Area A Director Warren Wilson said the issue of landowners encroaching on public lands has become a frequent problem.
"We saw another application on the same lake where the landowner had encroached on public lands," Wilson said. "This is parkland and it should be preserved. I think precedent is important here."
Wilson said property owners appear to believe it's better to ask forgiveness than permission when it comes to building on public land.
According to a district report, the only way the district board can sell or dispose of parkland is to adopt a parkland disposition bylaw, which would require the assent of the voters through a referendum or alternative approval process.
"If the board goes that way, eating away at the parkland, I don't think we should be the ones to pay for it," Wilson said. "If we were to pass on the all the costs, it would be more expensive than just moving the building."
In a letter to the district board, Ballard said he believed he was inside his property lines when he built.
"There was not a real property survey done but with the neighbour... we measured off from the pegs that were present on my property and his. When I went to erect the building we used those pegs because when I had talked to the regional district they said we didn't need a permit because we were erecting a temporary building and so we proceeded," Ballard wrote in a letter to the district board. "We did not realize there was anything amiss until the regional (district) received a complaint and I paid to have a survey done."
The building is insulated with spray foam, and would be difficult or impossible to move intact, he added.
"The amount of land we are talking about would be a small/minimal amount of the total acreage of the park," Ballard wrote. "The portion of the park land on my side of the property is more of an easement and has a gully, etc. which would render it unusable for an expansion of the parking lot, etc."

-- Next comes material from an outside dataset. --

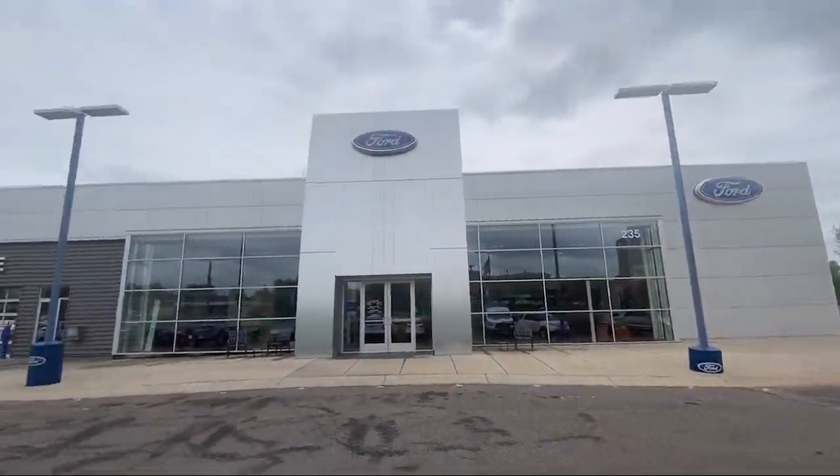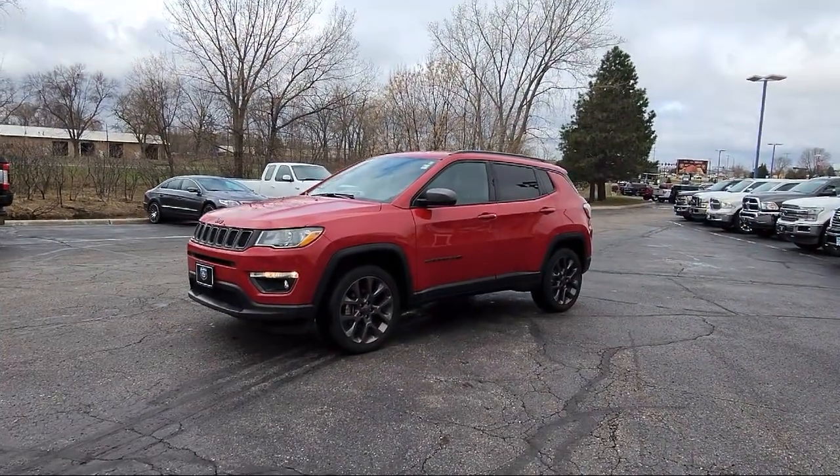Welcome to Waconia Ford, and here's a look at another one of our great vehicles from our inventory.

The park is a subdivision park across Lakeside Drive from the parking lot for Ness Lake Regional Park.
"He didn't locate his building properly," Area G Director Terry Burgess said. "He's just lucky it was public land, not private land."
Area H Director Dannielle Alan said it's a matter of principle.
"If we just allow somebody to encroach on the park, and then say 'Hey can you make it part of my property?' I think it sets a dangerous precedent."